Crystal Collins, president of the North Carolina Trucking Association, says there was some discussion about allowing food trucks at rest stops in her state, while potentially limiting their operations to areas with few other food service options.

However, she says there was little interest in this idea at the state's DOT because of its potential to take business away from established truck stops, and because it would require an act of the legislature. "They don't want to hinder or take business away from the truck stops that are open," Collins says.

A spokesperson for the North Carolina DOT wrote in an email that the department "will not pursue allowing food trucks at rest areas because state law prohibits commercial activities inside the right of way."

Jessica Gandy, an attorney at the Institute for Justice, says that according to her analysis, North Carolina's DOT could waive food truck restrictions on their own initiative. "It's fully in the purview of their DOT to do it. They do have the power to waive that ban if they choose to, but also the governor could do it by issuing an executive order," she says.

In addition to being bad policy, Gandy argues that bans on food truck service could be unconstitutional as well.

"There is a protectionist element. Their concerned that if other economic activities start happening at those rest areas, other nearby businesses, existing businesses will suffer, because customers may prefer to eat at food trucks," Gandy says. "Restricting consumer choice so a private party can make money is plainly unconstitutional."

The Institute for Justice has sued local governments over their protectionist food truck restrictions prior to the pandemic.
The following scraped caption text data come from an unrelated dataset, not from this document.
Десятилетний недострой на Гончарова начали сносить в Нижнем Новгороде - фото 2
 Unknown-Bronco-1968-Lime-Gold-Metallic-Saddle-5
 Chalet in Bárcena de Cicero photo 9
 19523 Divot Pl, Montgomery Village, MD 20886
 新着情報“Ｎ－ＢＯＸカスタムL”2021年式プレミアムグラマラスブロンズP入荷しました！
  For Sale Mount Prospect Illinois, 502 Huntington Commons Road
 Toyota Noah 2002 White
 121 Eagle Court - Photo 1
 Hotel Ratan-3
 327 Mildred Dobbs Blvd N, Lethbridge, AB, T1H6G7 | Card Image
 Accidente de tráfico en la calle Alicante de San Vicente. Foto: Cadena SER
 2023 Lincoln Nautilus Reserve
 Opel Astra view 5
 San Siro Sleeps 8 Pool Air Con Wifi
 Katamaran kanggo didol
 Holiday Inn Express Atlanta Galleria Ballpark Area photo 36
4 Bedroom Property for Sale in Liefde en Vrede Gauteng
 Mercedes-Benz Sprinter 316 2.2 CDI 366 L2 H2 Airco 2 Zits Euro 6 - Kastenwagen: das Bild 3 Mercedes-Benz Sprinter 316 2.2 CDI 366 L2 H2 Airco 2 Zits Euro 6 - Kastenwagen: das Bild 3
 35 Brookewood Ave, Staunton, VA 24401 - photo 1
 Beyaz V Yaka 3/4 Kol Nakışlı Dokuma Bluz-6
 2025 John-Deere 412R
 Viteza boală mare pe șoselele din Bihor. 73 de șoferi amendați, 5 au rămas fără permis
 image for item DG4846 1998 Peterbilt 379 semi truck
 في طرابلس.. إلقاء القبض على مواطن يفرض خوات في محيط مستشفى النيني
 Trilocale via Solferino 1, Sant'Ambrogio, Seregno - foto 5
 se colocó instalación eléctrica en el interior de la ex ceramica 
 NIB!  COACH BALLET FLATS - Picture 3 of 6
Last week, they sent letters to a number of state DOTs asking them to suspend food truck restrictions at rest stops.

Lifting these restrictions is only part of the battle. Food truck operators and their advocates have said there is still a need for coordination with state DOTs to get temporary permits and secure parking at rest stops.

"Who cares if Ohio opens up spots, if they don't have any sort of registry, schedule or way to get the information out to drivers. There has to be coordination. No state wants to do that," Matt Geller of the National Food Truck Association said to Transportation Topics.

Logistical concerns about parking have factored into Texas regulators deliberations on allowing food trucks at rest stops, Esparza says. The TXTA has been in talks with regulators about opening up rest stops for food service for several weeks now, and he expects some sort of regulatory waiver to be issued within the next week.

That will allow some more choices for drivers.

"What we are talking about is giving the truckers some more choices," Esparza says. "the truck driver hasn't changed what he or she is doing. They're out there delivering every day anyway. Let's get these men and women more options."